Kejahatan pajak seperti ini harus diberangus oleh aparat pajak. Karena termaauk white collar crime atau kejahatan kerah putih tingkat tinggi.
“Ini jelas skema tranfer pricing. Dan pemerintah atau DJP harus galak terhadap mereka. Jangan kasih ampun lagi,” tandas politisi dari PAN ini.
Dan menurut dia, skema transfer pricing ini mudah dipahami dan dideteksi. Pemerintah tinggal cegat mereka di pelabuhan untuk ekspor. Karena pasti ada data dari Societe Generale de Surveillance (SGS) yang bisa menjadi pegangan. Makanya dia minta, DJP harus tegas bahkan galak terhadap mereka.
“Pemerintah juga harus bisa ungkap kongkalikong di pelabuhan yang selama ini terjadi. Makanya Menkeu dan Dirjen Pajak haru sering melakukan sidak ke pelabuhan. Agar pemerintah segera mengungkapnya,” pungkas Hafisz.
Sebelumnya, DJP merilis data, sejak tahun 2011 ketika harga komoditas minerba tengah melambung, kepatuhan membayar pajak mereka sangat rendah. Dan saat ini, tatkala harganya tengah anjlok, kian memprihatinkan lagi kepatuhan tersebut.
Pada 2011, WP di sektor pertambangan yang melaporkan Surat Pemberitahuan (SPT) Pajak sebanyak 3.307, dan yang tak lapor 2.962 WP. Di 2012, ada 3.081 WP yang lapor dan 2.920 yang tak lapor.
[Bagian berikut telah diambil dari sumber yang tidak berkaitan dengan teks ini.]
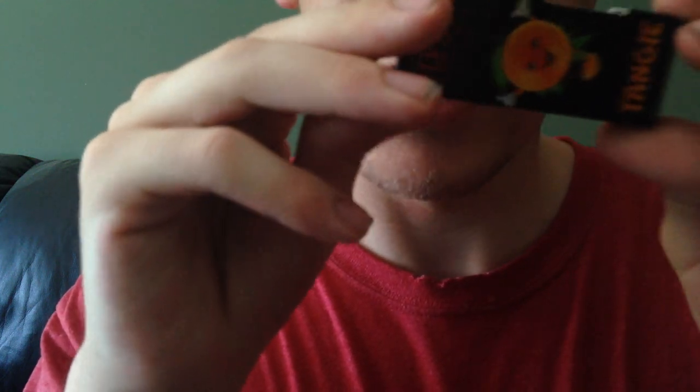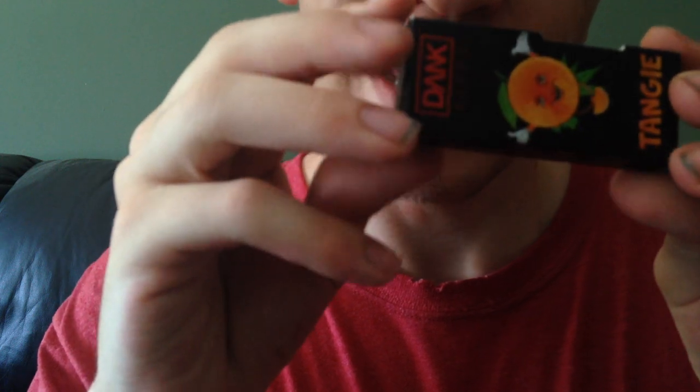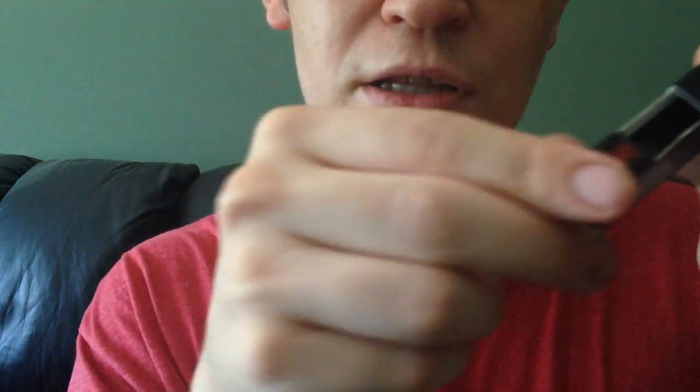I'm gonna do a review on Dank Vapes, kind of like Jimmy Jam the Dab Man — and I even have one of his flavors. I believe this one's the TANJI. The other one I got from my guy was rose gold, and it tastes more flowery. This isn't a proper review from brand new, but here's the box. I'm gonna show it every which way.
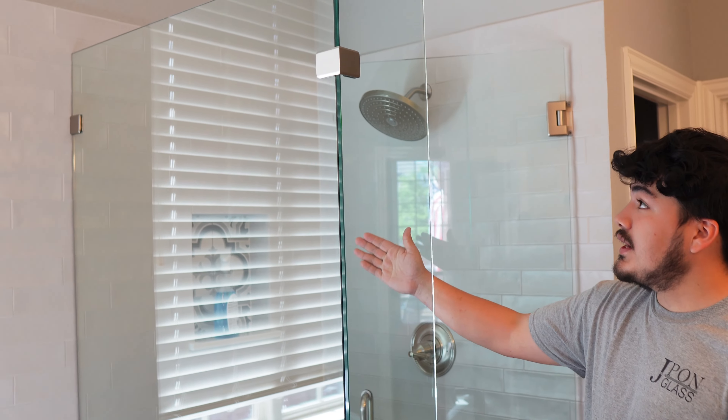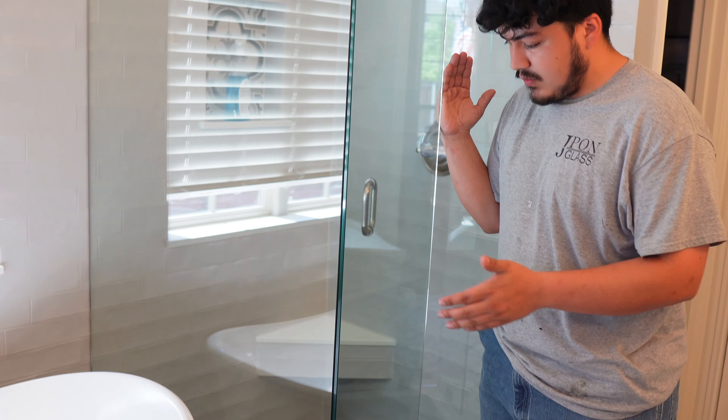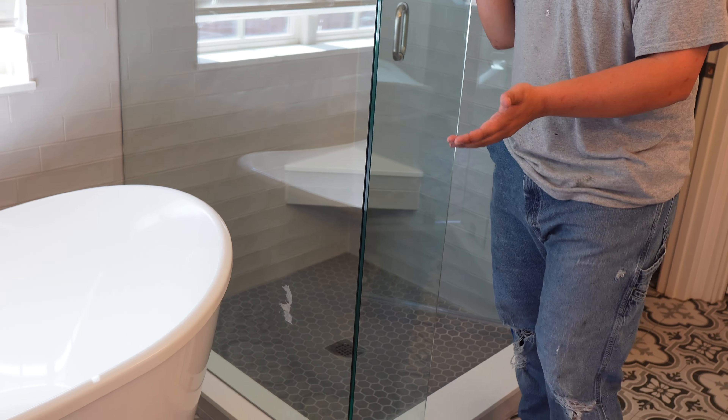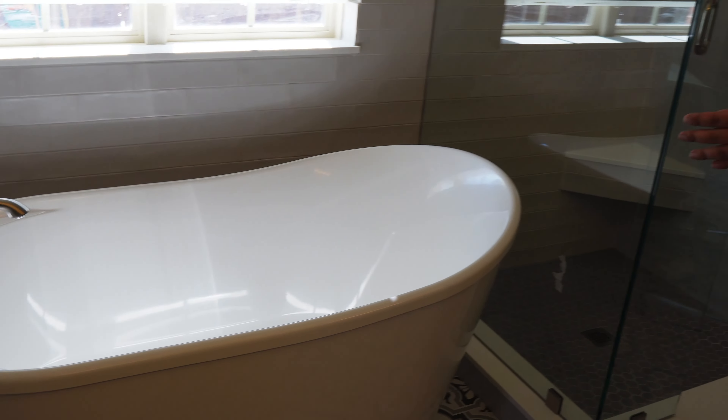Today we're working on a 90 degree return panel shower. The reason why you would want to put one of these in is to mainly save room in your restrooms, so you can put a nice bathtub right next to your shower and you can have both options here.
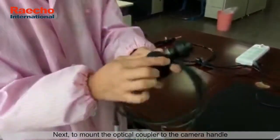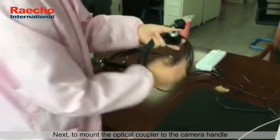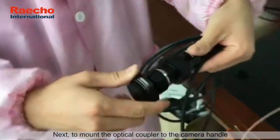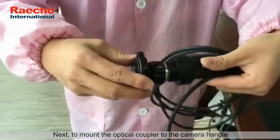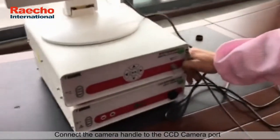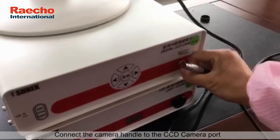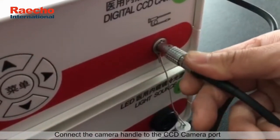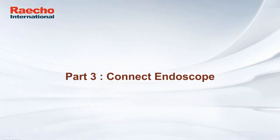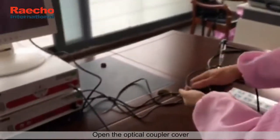Next, mount the optical coupler to the camera handle. Then connect the camera handle to the CCD camera port. Part 3: connect endoscope. Open the optical coupler cover.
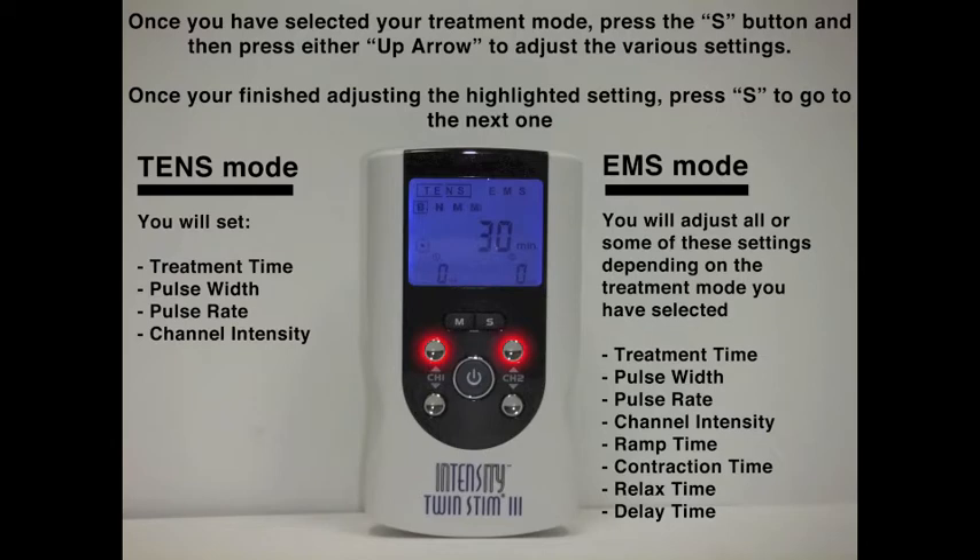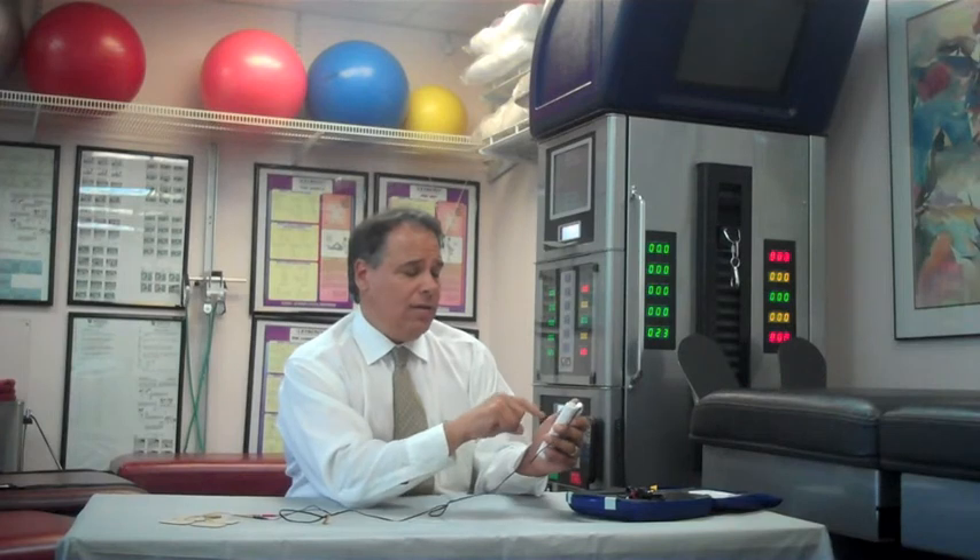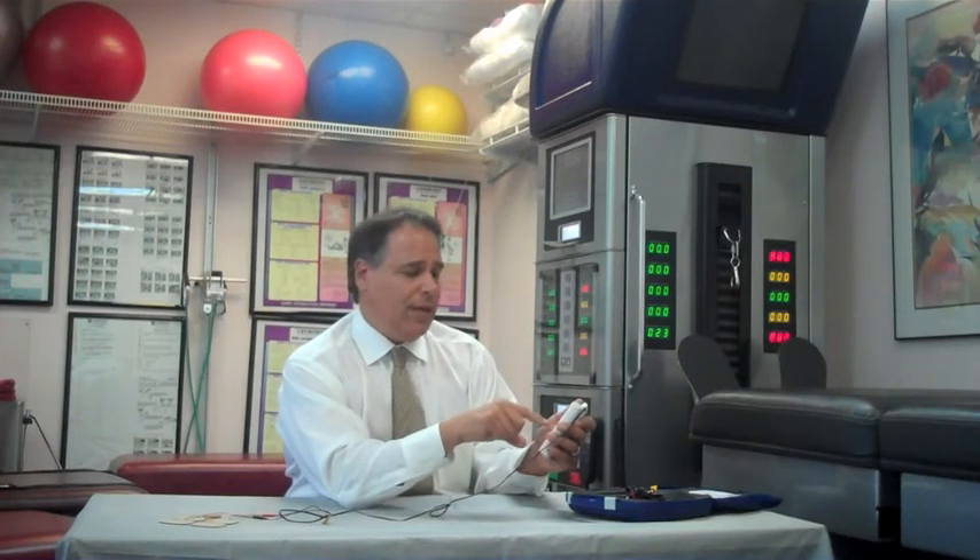Press S again and PR for pulse rate will display. Again, you can use the up and down arrow. Press S one more time and we can begin increasing intensity with the up arrow. You want to just begin at a comfortable level and then you may increase. You will also notice that after a short period of time — 30 seconds — a little key will display, and that will prevent you from accidentally increasing the intensity. In order to adjust that, you would press the down arrow one time, and then you'll be able to increase your intensity.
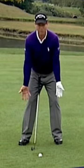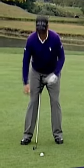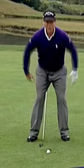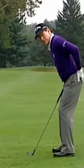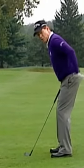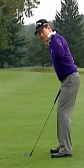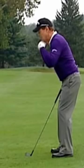Your stance, shoulder width apart, your toes slightly open, kick the right knee in just a little bit like this. Knees are flexed, rear end is stuck out like this, your back is straight from the rear end up, your top of the back remains straight, and your chin is up, not down.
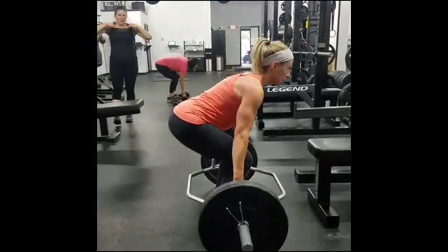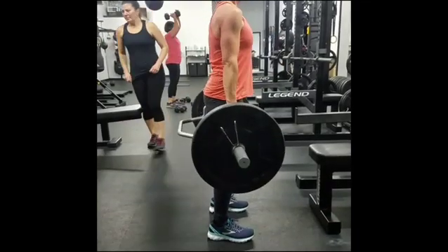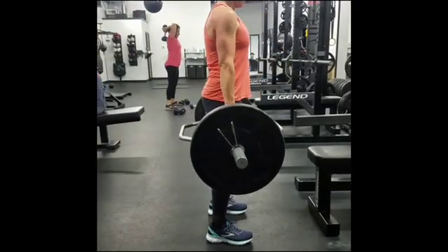Still look out at the middle with your eyes, but try and keep your neck a little bit more neutral. Try and tuck your chin a little bit down.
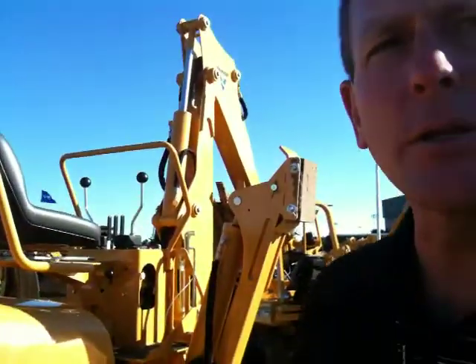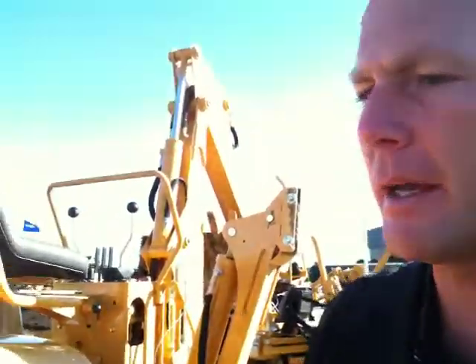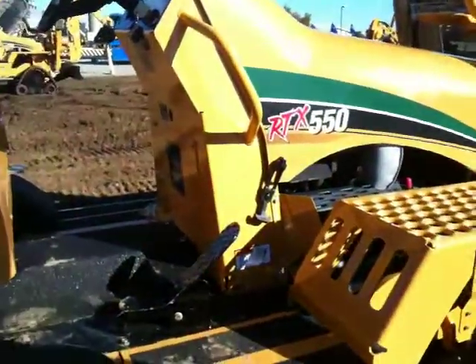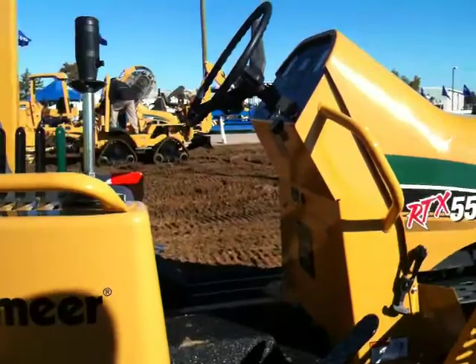Since the machine has an electronically controlled ground drive and adjustment drive pumps, one of the things that we're able to do is to offer some unique features that nobody else has in the industry. One of them is called Trensense.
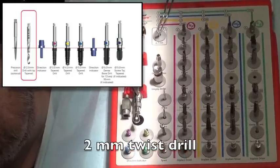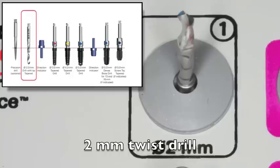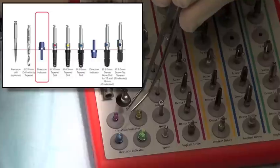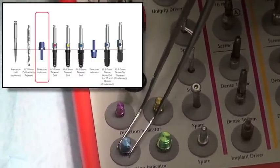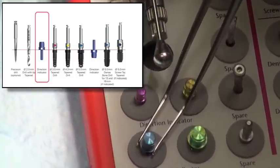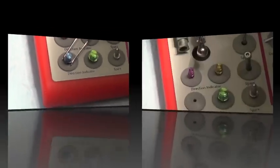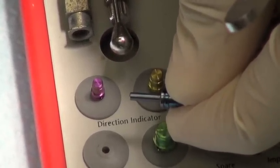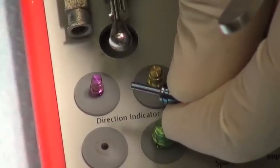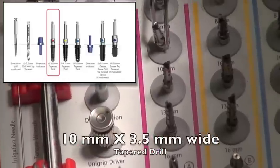Then I go to the 2mm twist drill, which is a drill that's going to get you your initial length — a great start to the whole osteotomy. We go to a direction indicator and take an x-ray to make sure you're online. The direction indicator post is about 8mm long, which allows you to see angulation and also depth of the osteotomy, so you can measure off nerves and sinuses.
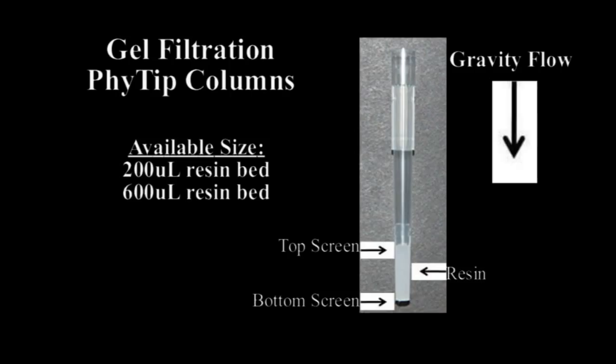The frits allow the passage of liquids through gravity flow. The screens at the top and bottom of the columns eliminate air from entering the column as well as keeping the resin bed hydrated. The use of these frits allows for the controlled addition and collection of fractions for maximum separation.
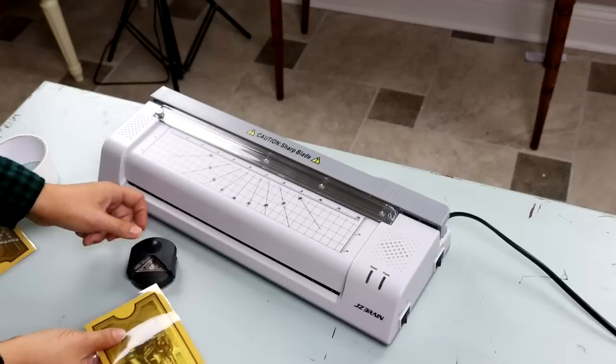If you guys are interested in my laminator, I will link below a 20% off code in the description box. I will talk to you guys in my next video. Bye!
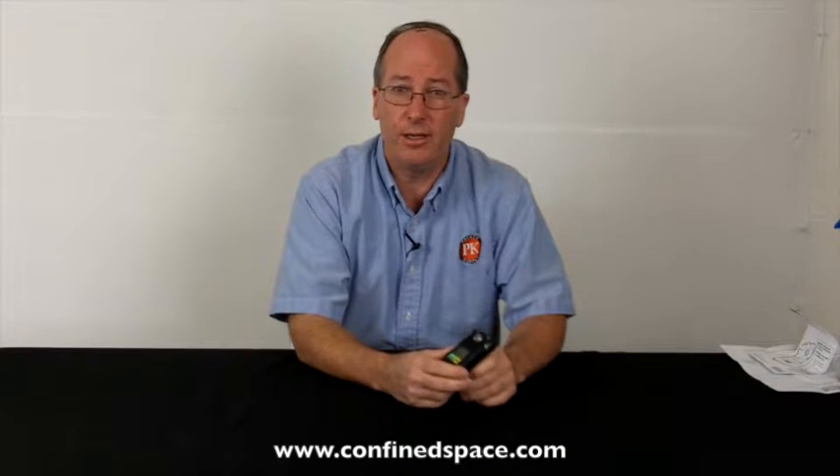Hi, this is Rick Pedley. Welcome to ConfinedSpace.com. Today we're looking at the MSA Altair H2S gas detector. This is a single gas instrument, meant to be worn in your belt or vest or something like that, and alerts you in the case of H2S exposure. It is set with alarm points.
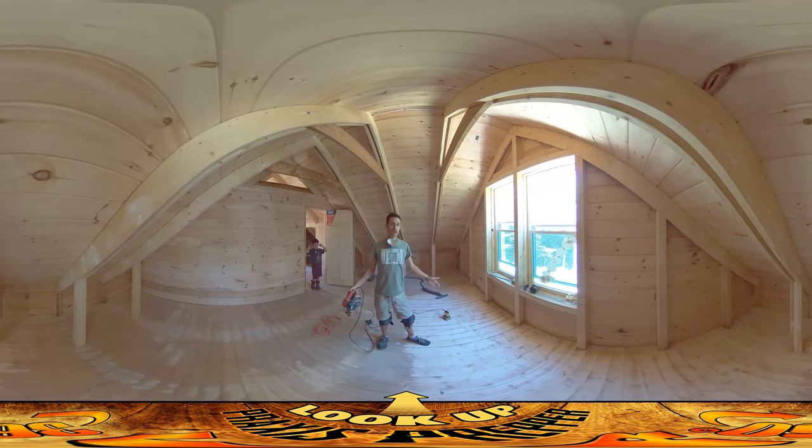Hey everybody, this is Praxis and we're finally up here so I can show you what I've been doing in terms of sanding the floors. If you look to your right you can see an area already done. If you look to your left it's the area I've yet to do, and you can see there's a pretty clear line of demarcation right down the middle.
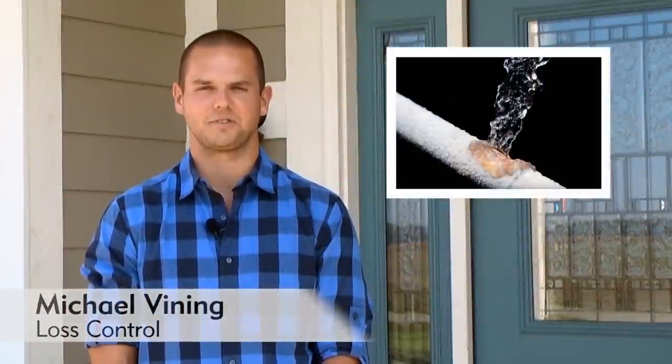Frozen pipes can be one of the most damaging and costly side effects of cold temperatures. We'll show you how to prevent them and what to do should you discover a frozen pipe.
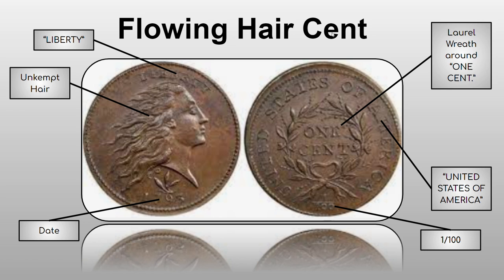Here's an overview of the Flowing Hair cent. You can see Liberty with uncounted hair — we'll never see that again on a cent. There's the date, and a '1/100' fraction on the reverse, signifying one cent. There's also a laurel wreath around 'One Cent' and 'United States of America' — this is before 'E Pluribus Unum' became standard on coins. It had two subtypes: the chain reverse and the wreath reverse.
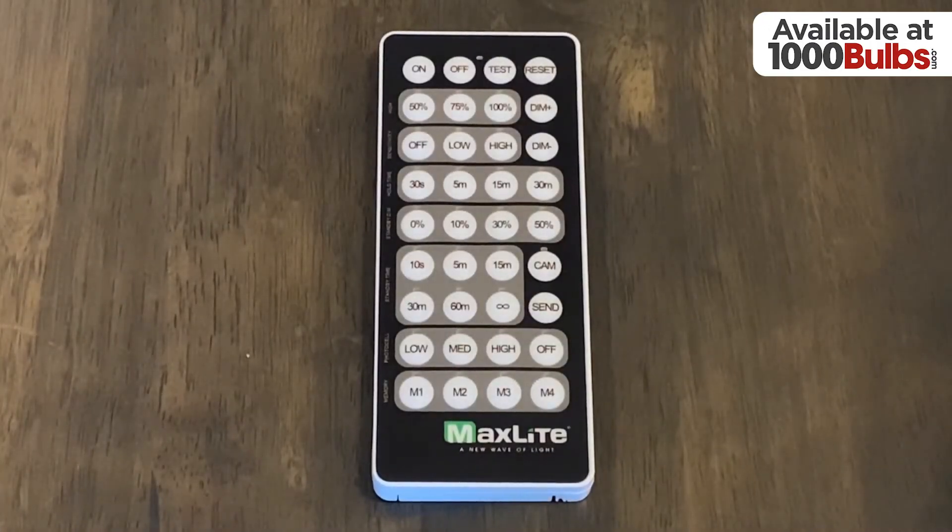In order to set continuous adjustment mode, or CAM, we'll first need to enter the manual override mode in order to set the right intensity levels for the Luminaire.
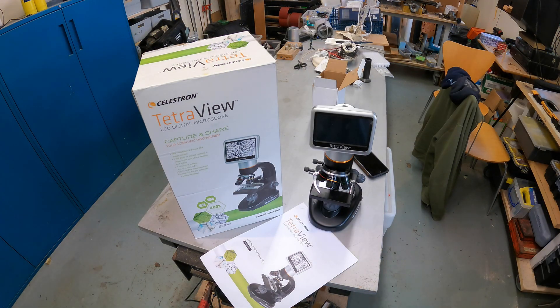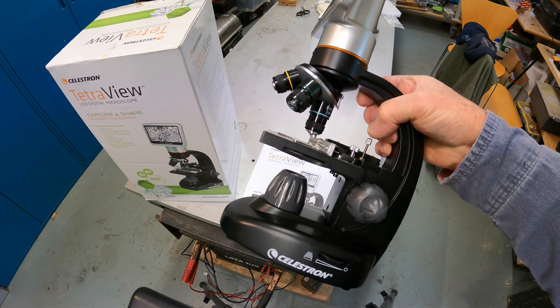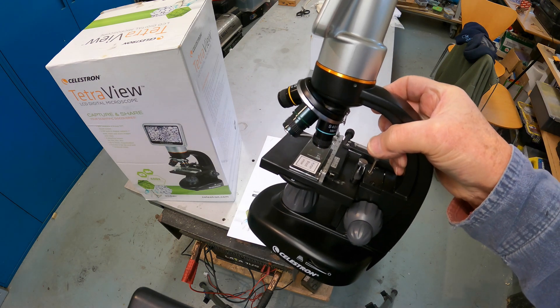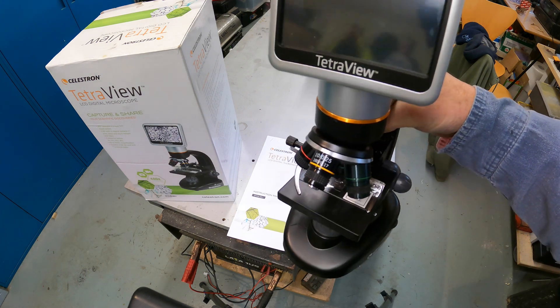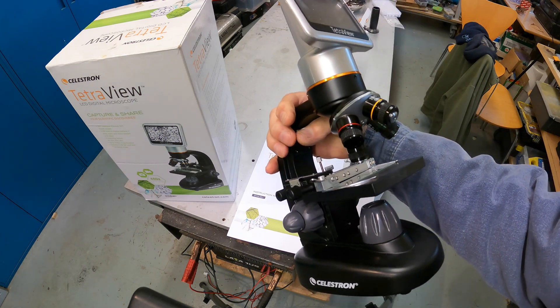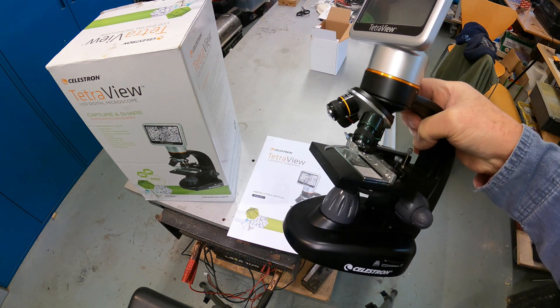I bought this for our nearly eight-year-old grandsons. Obviously it would be mum or dad operating it for them in the early days. I hadn't used a microscope before and when I first unboxed it, it wasn't that intuitive to use and it took a bit of studying before I understood the setup and the controls. So with this little video, I hope I can show the boys and their mum and dad how to get into it a bit quicker than I did.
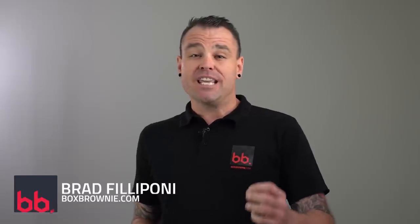Hi everyone, it's Brad Filippone from BoxBrownie.com. Today I want to give you some great photo tips to hopefully improve your real estate photography and of course teach you something you don't know. Let's get stuck into it.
Di 2013, ada 2.966 WP yang lapor SPT, dan 3.035 tak lapor.
Kemudian, di 2014, ada 2.841 WP yang lapor SPT dan 3.160 WP tak bayar pajak. Dan tahun lalu semakin memprihatinkan. WP yang lapor SPT cuma 2.577, dan yang tak lapor 3.624 WP.
Sementara untuk KB Pajak Penghasilan (PPh) terutang, untuk nominal kurang dari Rp100 juta jumlah WP-nya ada 2.565. Nominal terutang antara Rp100 juta sampai Rp500 juta sebanyak sembilan WP. Dan nominal lebih dari Rp500 juta ada tiga WP.
“Dari data keikusertaan tax amnesty, dari jumlah WP (wajib pajak) pertambangan minerba dari 6.000 WP, yang ikut tax amnesty cuma 967 WP. Dan WP sektor migas dari 1.114 WP, cuma 68 WP yang ikut tax amnesty. Itu fakta loh,” ujar Dirjen Pajak Kementerian Keuangan, Ken Dwijugiasteadi belum lama ini.
Jumlah yang sedikit itu terlihat pula dari uang tebusan yang diterima DJP. Kata Ken, total uang tebusan dari sektor minerba hanya Rp221 miliar. Sedang total uang tebusan dari sektor migas cuma Rp40,6 miliar.
Dan jika dilihat nominal uang tebusan terendah dari perusahaan yang selama ini dianggap sumber uang juga sangat aneh. Kata Ken, tebusan paling rendah dari minerba Rp 5.000, paling tinggi Rp96,3 miliar, dengan rata-rata Rp226 juta. Sedang di migas paling rendah Rp150 ribu, paling tinggi Rp17,4 miliar. Dengan rata-rata Rp527,2 juta.
“Itu yang mereka laporkan. Benar atau tidak, nanti akan ketahuan pasca tax amnesty berakhir,” ancam Ken.